No obstante, estas cifras ponen sobre la mesa una continuidad más profunda en la sociedad argentina. El kirchnerismo logró reducir la pobreza, quebrando la tendencia ascendente desde la dictadura: solo el revanchismo conservador puede negar esto. Sin embargo, en el mejor de los casos, estaríamos ante un quinto de la población en situación de pobreza, que Cambiemos elevó a un tercio. En este núcleo duro de pobreza, estructural, confluyen desocupados, subocupados, trabajadores informales: un gran conjunto de personas excluidas de los sectores dinámicos del capital, condenadas a rebuscárselas para obtener su subsistencia. La inagotable creatividad popular ha reforzado con cooperativas, empresas recuperadas, talleres autogestivos las tradicionales changas y ventas ambulantes, lo que algunos llaman “economía popular”.
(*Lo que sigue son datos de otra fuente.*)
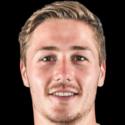 https://img.heibaitiyuz.com.cn/img/football/player/c48b16009c2582787c7d8d3cc0a9f0c3.png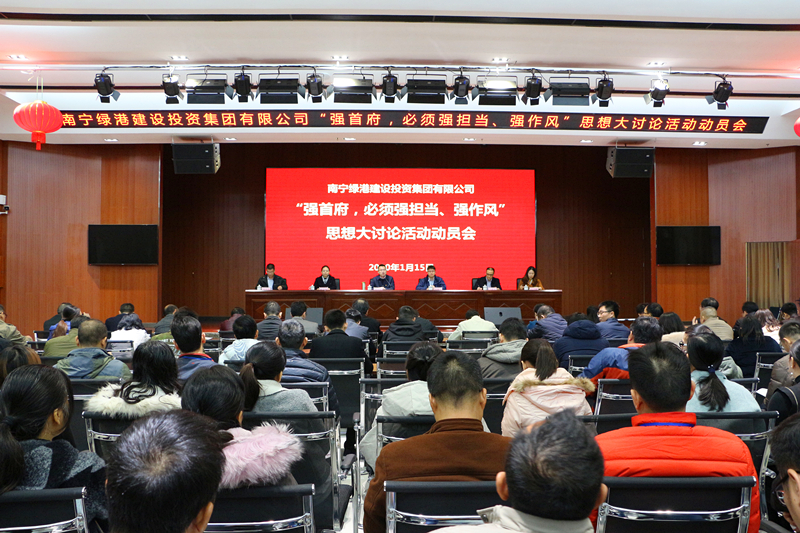 ��ʱ|AG(AsiaGaming)������Ӫ��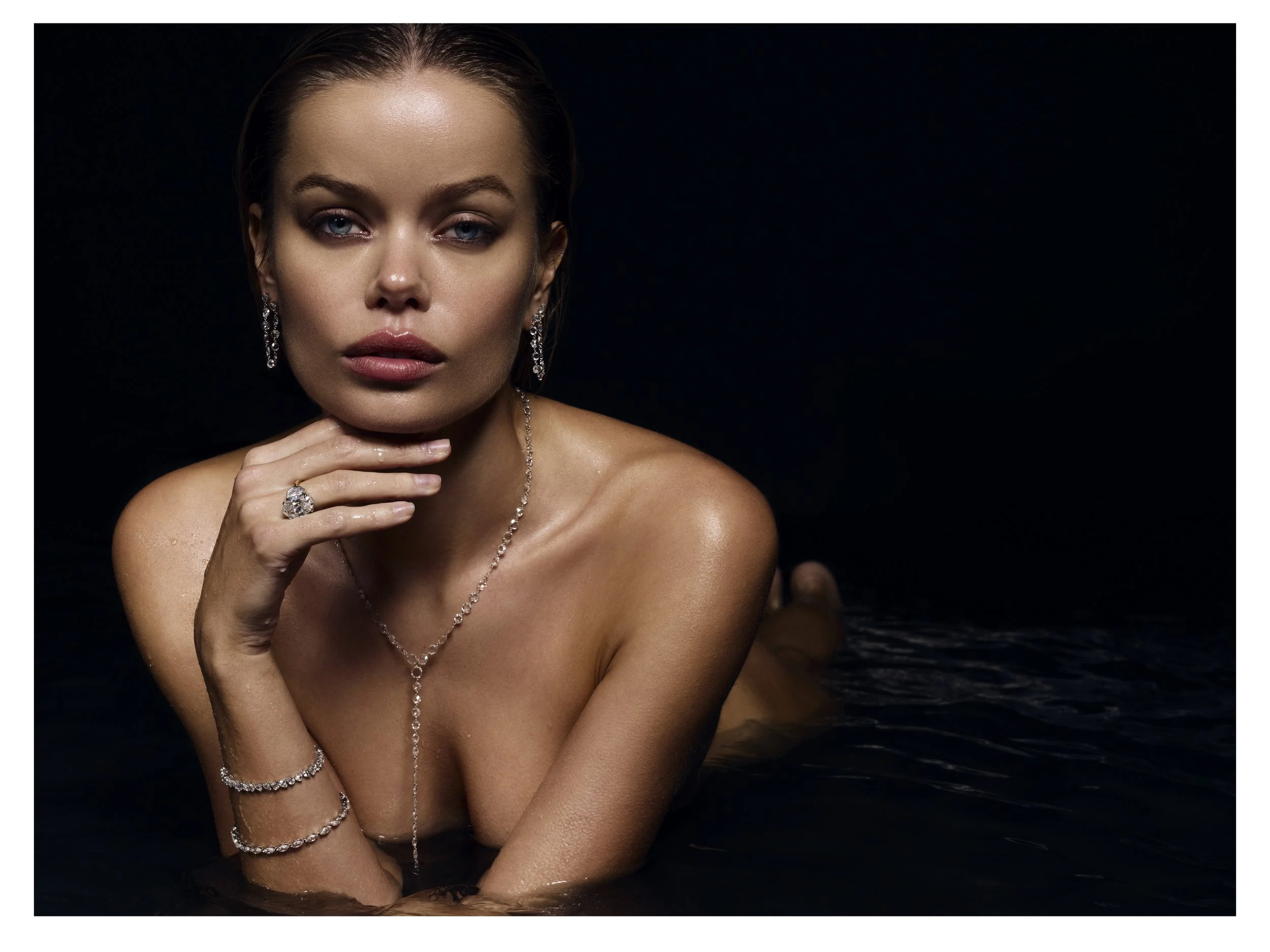 LH_PAGES FOR WEBSITE-20 copy.jpg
Se trata de masas sobrantes para el capital, cuya principal función es operar como amenaza para quienes se atrevan a reclamar por salarios justos. Esto lo expresó con claridad Prat Gay, cuando dijo que los sindicatos deberían elegir entre conservar sus empleos y mejorar los salarios. Ninguna de las dos cosas ocurrió en 2016. El denodado esfuerzo por atraer inversiones externas, incluso cuando pudieran reanimar la actividad económica (lo que no ha ocurrido aún), no ofrecerá ninguna salida para estas personas, que continuarán marginadas del mercado laboral, y estigmatizadas por su dependencia de planes sociales. Las propuestas de reforma laboral en danza –como el plan Primer empleo– continuarán precarizando el trabajo, arrojando a la pobreza también a trabajadores y trabajadoras ocupadas.